■ **Exercise**
Please output the line containing "archaeological ceramics, ancient" and all lines that follow it in the data below, exactly, with no pictures.

■ **Stored dataset items**

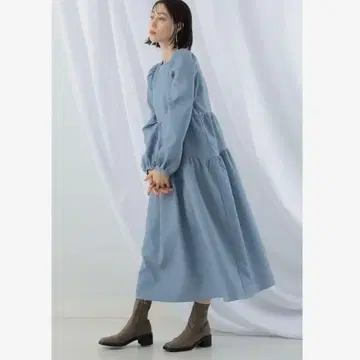 RayBEAMS 후쿠레 자카드 퍼프 롱 슬리브 원피스 사이즈 1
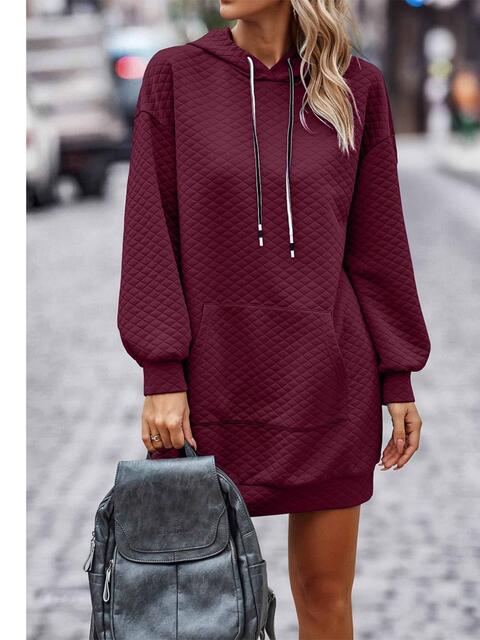 Textured Drawstring Tunic Hoodie - Hoodie - Wine - Bella Bourget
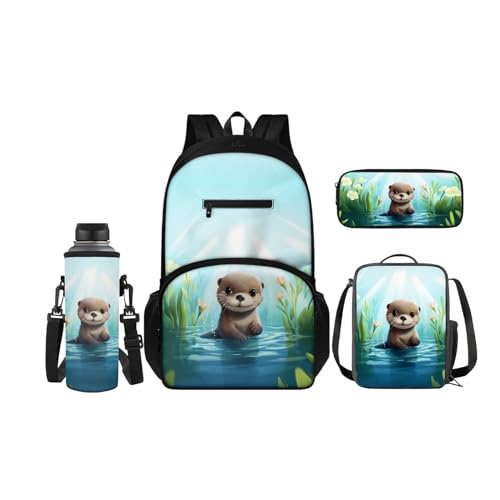 SCRAWLGOD Rucksäcke mit Lunchbox für Kinder, Schule, Federmäppchen, Wasserflaschenhalter, 4-in-1 Büchertasche, Tagesrucksack für Mädchen und Jungen, Cartoon-Otter von SCRAWLGOD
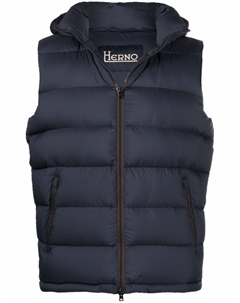 Стеганый жилет с капюшоном, синий Herno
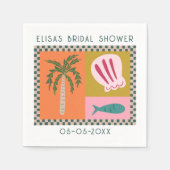 Strand Bruiloft Bridal Shower Modern Leuk OP MAAT Servet (Voorkant)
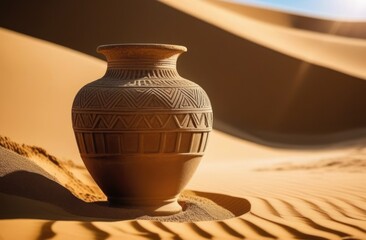 archaeological ceramics, ancient vase, archaeological excavations in the desert, old clay vase, Remnants of ancient Greek or ancient Egyptian culture
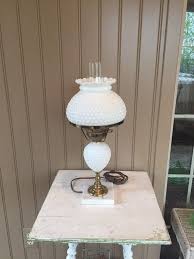 Brass Hobnail Lamp With Marble Base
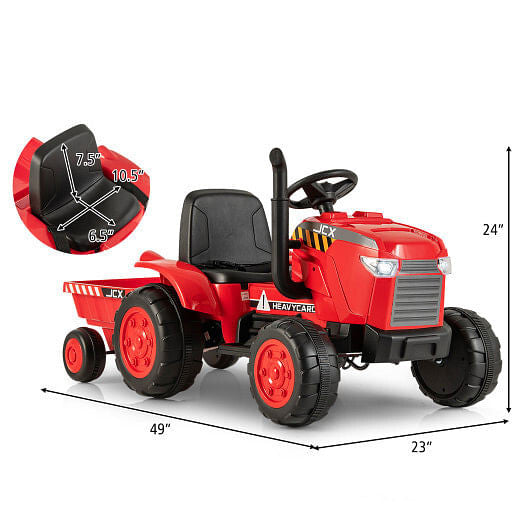 12V Kids Ride On Tractor with Trailer and Remote Control-Red-3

■ **Written response**
 archaeological ceramics, ancient vase, archaeological excavations in the desert, old clay vase, Remnants of ancient Greek or ancient Egyptian culture
 Brass Hobnail Lamp With Marble Base
 12V Kids Ride On Tractor with Trailer and Remote Control-Red-3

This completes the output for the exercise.